Esmond farmer Paul Taylor said he believes that the most dynamic thing to happen to farming in the last 50 years has been the increase in horsepower.
“We've just got so much more capacity now,” he said. “Grandpa probably started with a two-row planter behind two horses, planting a six-row pass at 2-
3 mph. I suppose if they did 15 acres per day, they were doing pretty good. Now we're planting 60 feet wide, and we like to average 250 acres per day.
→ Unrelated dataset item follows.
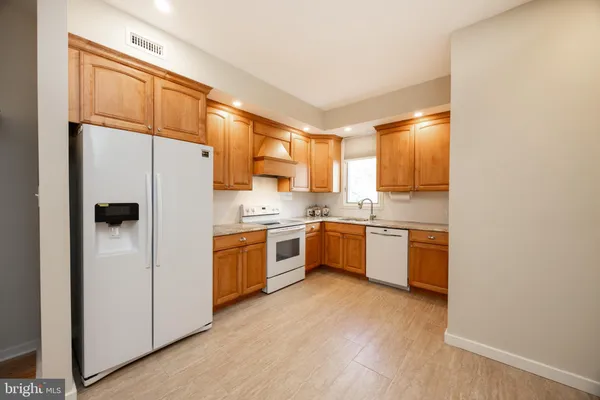 a kitchen with a refrigerator sink and cabinets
It's totally changed the productivity of labor.”
And some features that probably looked like bells and whistles when they first appeared on tractors - such as air conditioning, strong headlights and enclosed cabs - have allowed modern farmers to work even longer hours than their historic counterparts, he said.
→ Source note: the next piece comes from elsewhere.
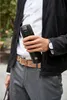 A person holding a black thermos in an outdoor setting. Podgląd zdjęcia produktu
Just as Jones is confident that ultrasounds help him to get more money per animal for his cattle, he's a big believer in the tools he uses to farm 3,600 acres of corn and soybeans. His tractor is outfitted with an autosteer system, a computer that uses a GPS signal to keep field rows evenly spaced at the end point where the tractor turns around.
The tractor's onboard computer also monitors seed spacing, how many seeds are falling into each hole, and the pressure the planter is exerting on the soil as it makes a trench.
“As seed costs have gone up, you want every seed to be fully maximized,” he said.
Most farmers also do a variety of mapping in their fields. They can take the data gathered by computers on field equipment and create color-coded maps that show which areas have the best yields and differences between those areas and lower-yield spots. Those differences include soil topography, nutrients, type or amount of fertilizer applied, and the type of seed planted.
“People are surprised to find out we split the farm up in different segments and don't just apply the same nutrients and seed over the whole thing,” Taylor said. “Those maps may look like pretty colors and mosaics, but the computer actually reads all that, and as the tractor goes over the field, it applies the nutrients based on need.”
Taylor and Jones estimate that such automated equipment increases efficiency by about 5-10 percent. That may not sound like much, Jones said, until one starts adding up $4-per-gallon diesel fuel or $200-per-bag seed.